O davada kürsüye çıkan Virginia Bölge Savcısı John Gibs, davaya dair sunum yaptıktan sonra sözü ABD Adalet Bakanlığı Dış İlişkiler Ofisi’nden Jeffrey Olson’a devretti. Olson, Türkiye’nin 23 Temmuz 2016’da Dışişleri Bakanlığı üzerinden Türkiye’ye iade talebi yolladığını ancak bu talep yazısında da delil mahiyetli belge olmadığını, talebin 15 Temmuz’la değil ‘paralel devlet yapılanması’ iddiası ile ilgili olduğunu söyledi.
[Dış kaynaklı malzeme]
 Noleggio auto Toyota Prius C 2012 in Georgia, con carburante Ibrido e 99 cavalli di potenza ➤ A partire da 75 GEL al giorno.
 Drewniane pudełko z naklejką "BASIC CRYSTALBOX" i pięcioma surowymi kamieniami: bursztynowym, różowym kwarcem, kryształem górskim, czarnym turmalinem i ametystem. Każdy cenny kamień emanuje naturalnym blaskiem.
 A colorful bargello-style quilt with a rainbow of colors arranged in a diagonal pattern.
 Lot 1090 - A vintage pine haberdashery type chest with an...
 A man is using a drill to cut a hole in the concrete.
Bu arada ilginç bir detay daha öğrendik.
Meğerse Türkiye’nin “80 koli evrak yolladık!” dediği dosyaların çoğu Havuz medyasından derlenmiş kupürlermiş! Daha da ilginç olanı birçoğu Türkçe yollanmış. ABD heyeti oturmuş bu dosyaları incelemiş.
Olson, “Çok sayfa vardı ama kanıt yoktu.” dedi.
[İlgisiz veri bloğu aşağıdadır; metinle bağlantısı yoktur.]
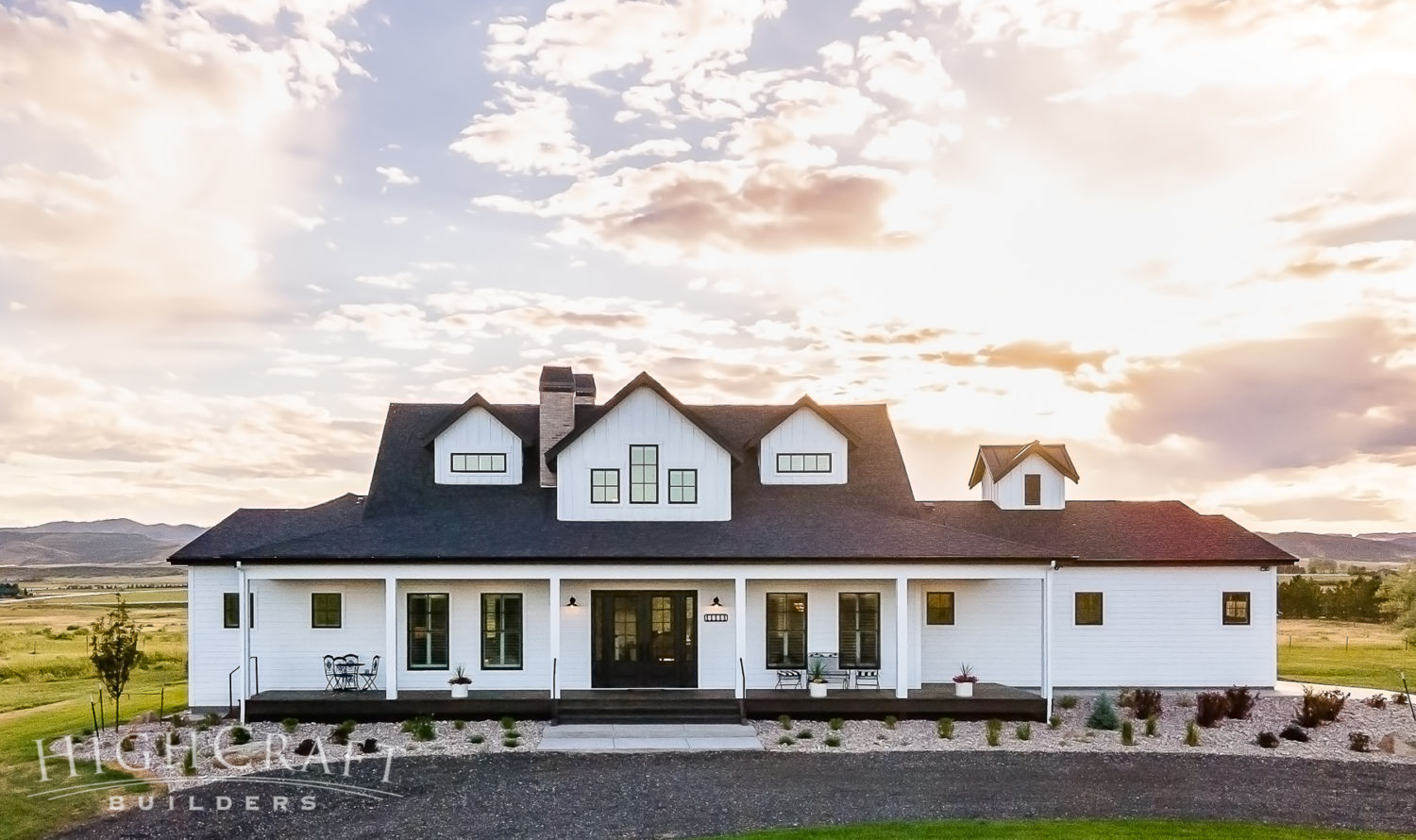 custom_home_builder_northern_co_white_farmhouse_front_amazing_sun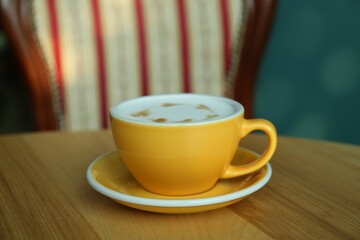 Cup of delicious coffee on wooden table indoors, closeup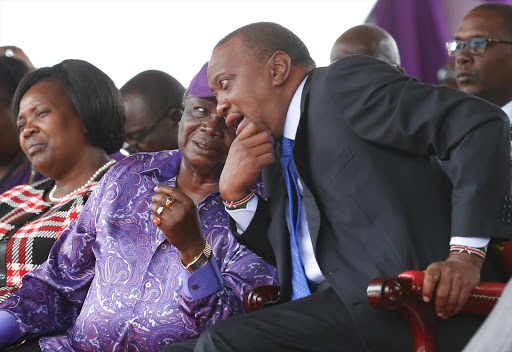 Cotu secretary general Francis Atwoli speaks with President Uhuru Kenyatta during Labour Day celebrations at Uhuru Park, May 1, 2017. /JACK OWUOR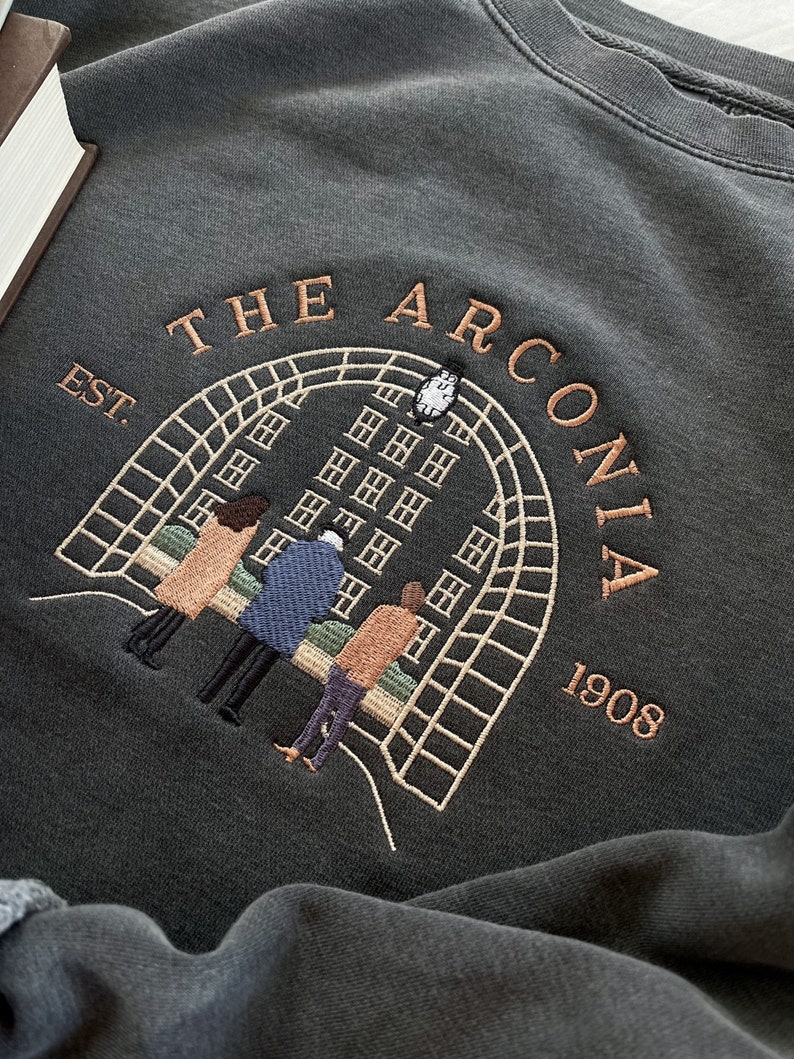 May include: A dark gray sweatshirt with an embroidered design featuring a building with windows, a clock tower, and four people standing in front of it. The text "THE ARCONIA EST. 1908" is embroidered above the building.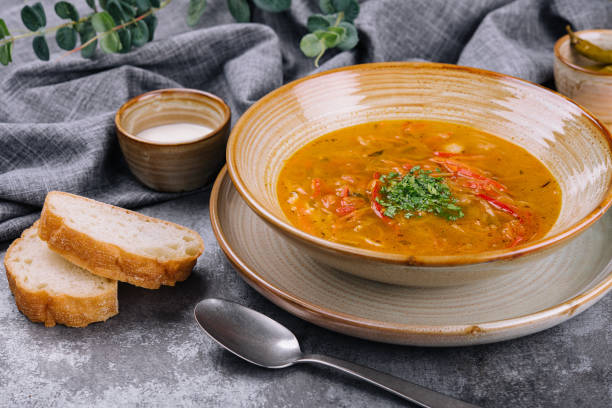 istock Traditional chicken noodle soup in a brown bowl 1415171754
Şimdi anlatacaklarım ise utanç verici. Yani normal, hukukun işlediği bir ülke için. Türkiye o kategoriden çıkalı çok oldu. ABD tarafı Türkiye’den elle tutulur bir şey gelmeyince, “Türkiye’ye bir ekip yollayalım, dosya nasıl hazırlanır göstersinler!” dedi.
Ankara’ya giden heyet çalışmalar yaptı ve sonrasında Türkiye’den yine öncekine benzeyen, yani içinde delil olmayan bir dosya geldi. Hal böyle olunca da Türkiye’den gelen adli yardım talepleri işleme bile konmuyor.
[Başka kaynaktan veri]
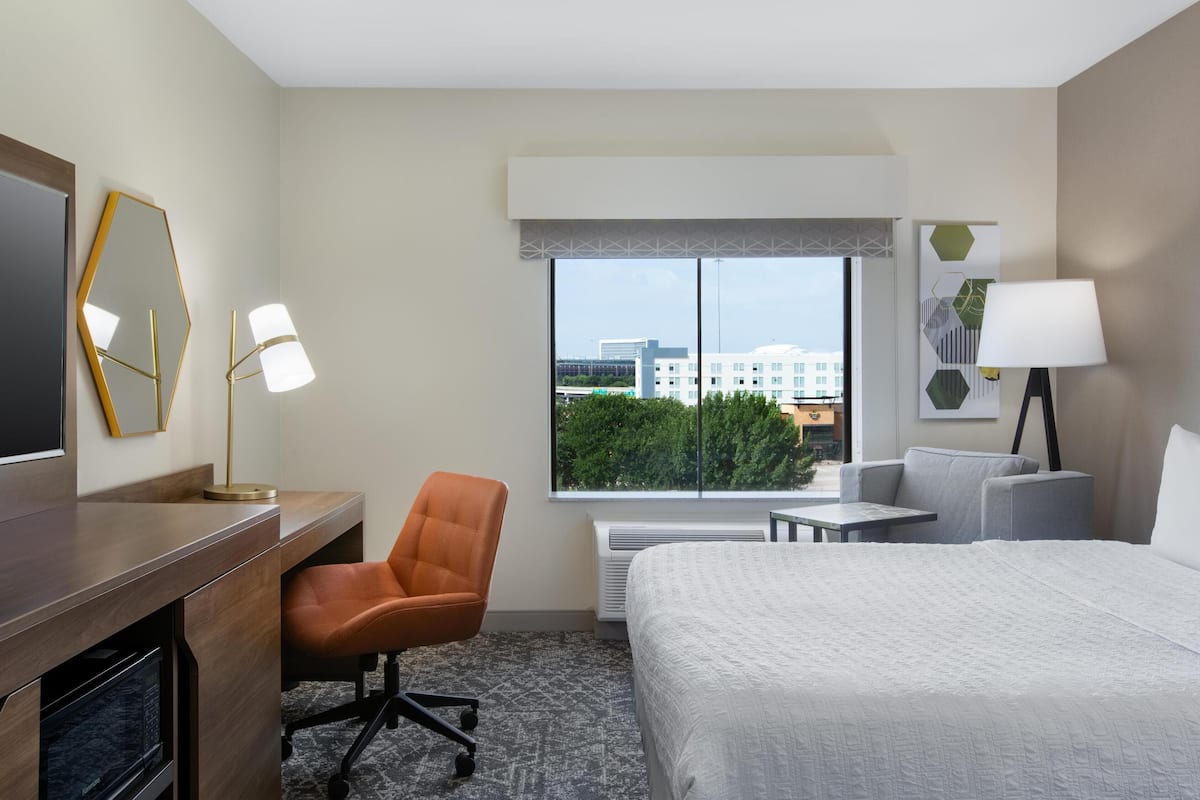 Une chambre d’hôtel équipée d’un lit, d’un bureau, d’une chaise et d’une grande fenêtre donnant sur la ville.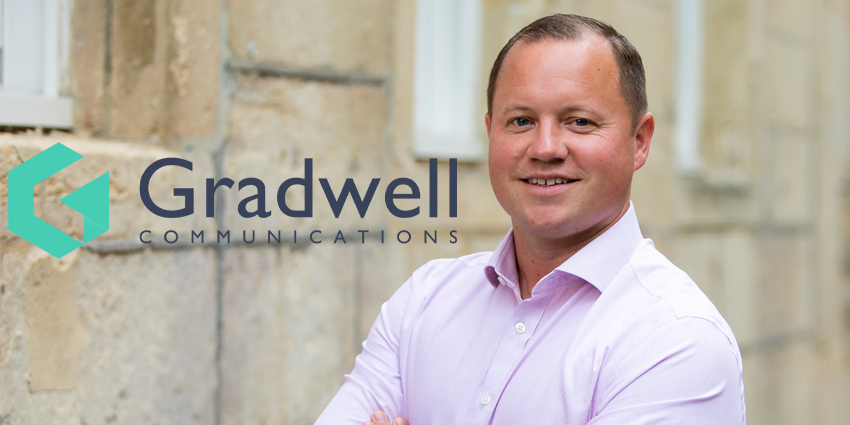 Jamie Ward standing against sandstone wall with arms crossed with Gradwell logo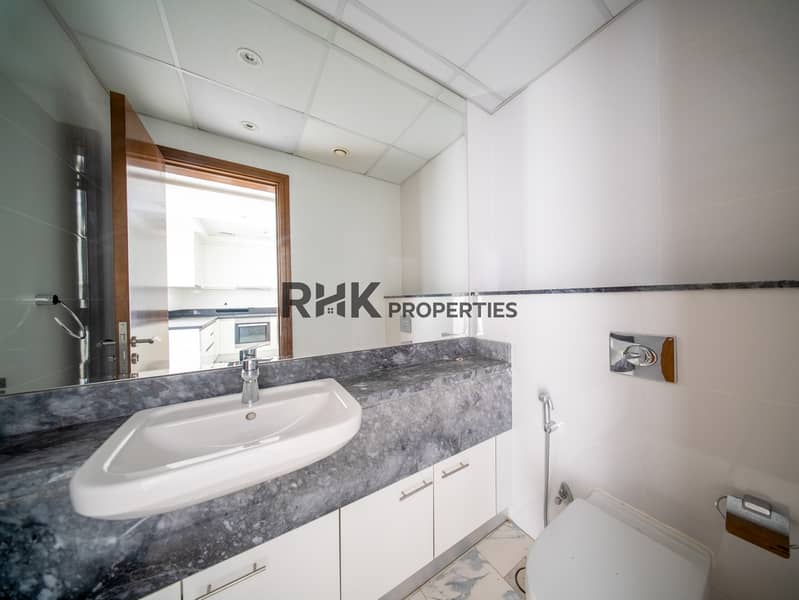 14 Guest bathroom with grey marble vanity, white basin and chrome fixtures in Dubai apartment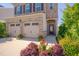 Beautiful two-story brick home featuring a two-car garage, black shutters, and well manicured landscaping at 1904 Birdhouse Ln, Wake Forest, NC 27587
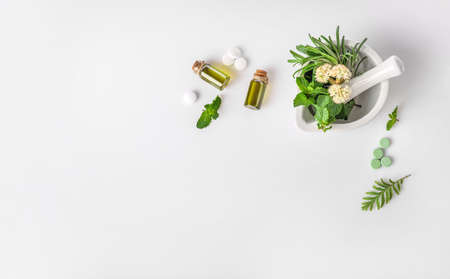 Medicinal herbs in mortar with pestle, organic essential aroma oil in glass bottles and herbal pills isolated on white background. Top view. Copy space. Herbal medicine concept.の写真素材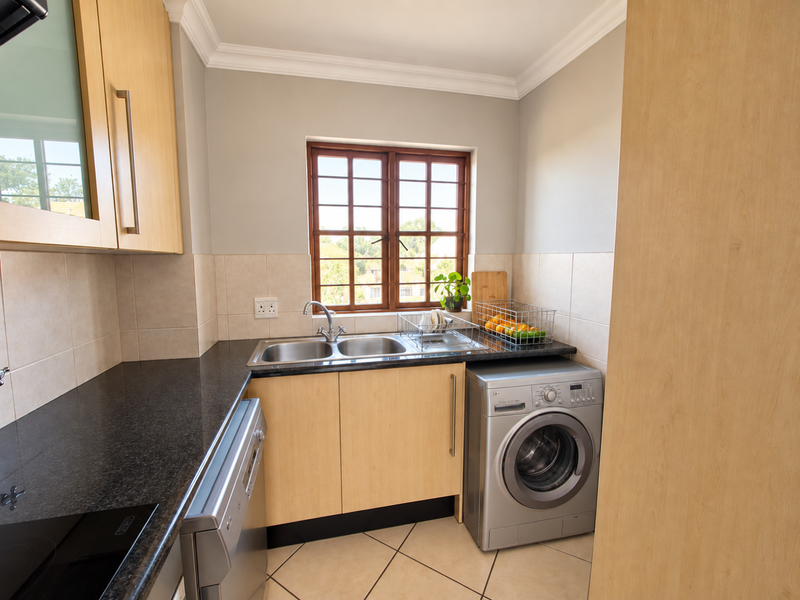 A functional scullery featuring light wood cabinetry, dark granite countertops, a double sink, and tiled finishes, providing efficient space for laundry and kitchen prep.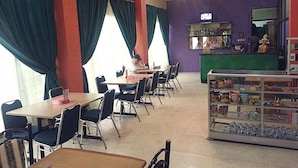 A restaurant with multiple tables and chairs, a counter with a display case, and a ceiling fan. - Hotel Fiducia Kaji (Jakarta)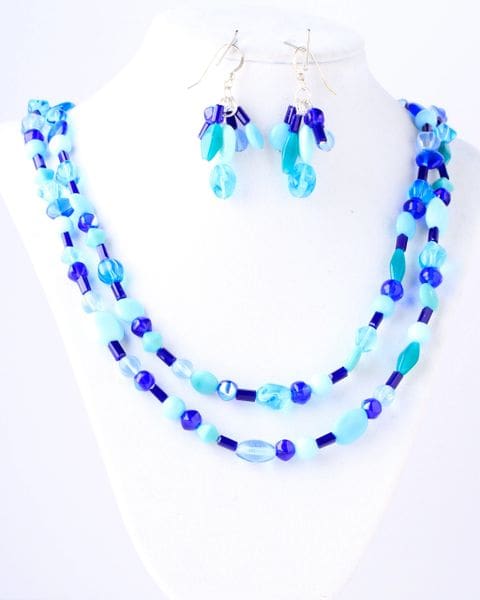 A necklace and earrings set of blue glass beads.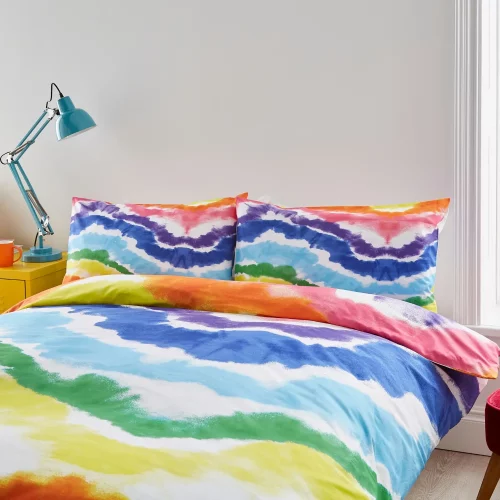 A multi-coloured rainbow Pride themed duvet cover and pillowcase set from Martex Pride covering a bed in a modern bedroom.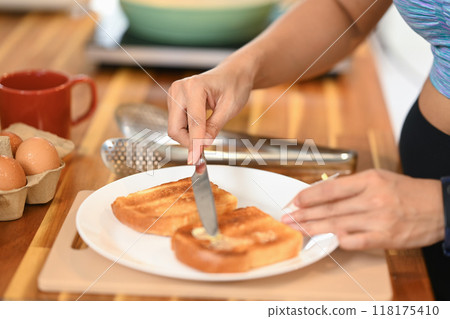 Close up shot of woman spreading butter on toasted bread with a cutlery knife Close up shot of woman spreading butter on toasted bread with a cutlery knife 118175410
İşte son örnek… KHK ile memuriyetten atılan ve daha sonra ABD’ye taşınan bir Gülen Hareketi mensubu ile ilgili Türkiye ABD’ye adli yardım başvurusu yaptı.
Türkiye’nin gönderdiği dosyayı inceleyen ABD Adalet Bakanlığı özetle, “Terör suçlaması yapıyorsunuz ama bankaya para yatırma ve STK üyeliğini delil olarak gönderiyorsunuz. Bu bahsettikleriniz Anayasal koruma altındaki haklardır. Eğer terörle ilgili somut bir deliliniz varsa yollayın yoksa dosyayı işleme koymayacağız!” cevabını verdi.
Yani olması gerektiği gibi.
Tıpkı AİHM Yalçınkaya kararı gibi, ABD’de resmi olarak Gülen Cemaati mensuplarına yöneltilen suçlamaların hukuksuz olduğunu kayda geçirdi.
İşin en acı tarafı ise şu; ABD’nin ya da hukukun işlediği herhangi bir ülkenin işleme dahi koymadığı suçlamalarla Türkiye’de on binlerce insan 6 yıl 3 ay ve üzeri hapis cezası aldı. Onbinlerce insan hapislerde çürütüldü, işlerini-mallarını kaybettiler, tutuklanmayanlar da sosyal ölüme terk edildiler.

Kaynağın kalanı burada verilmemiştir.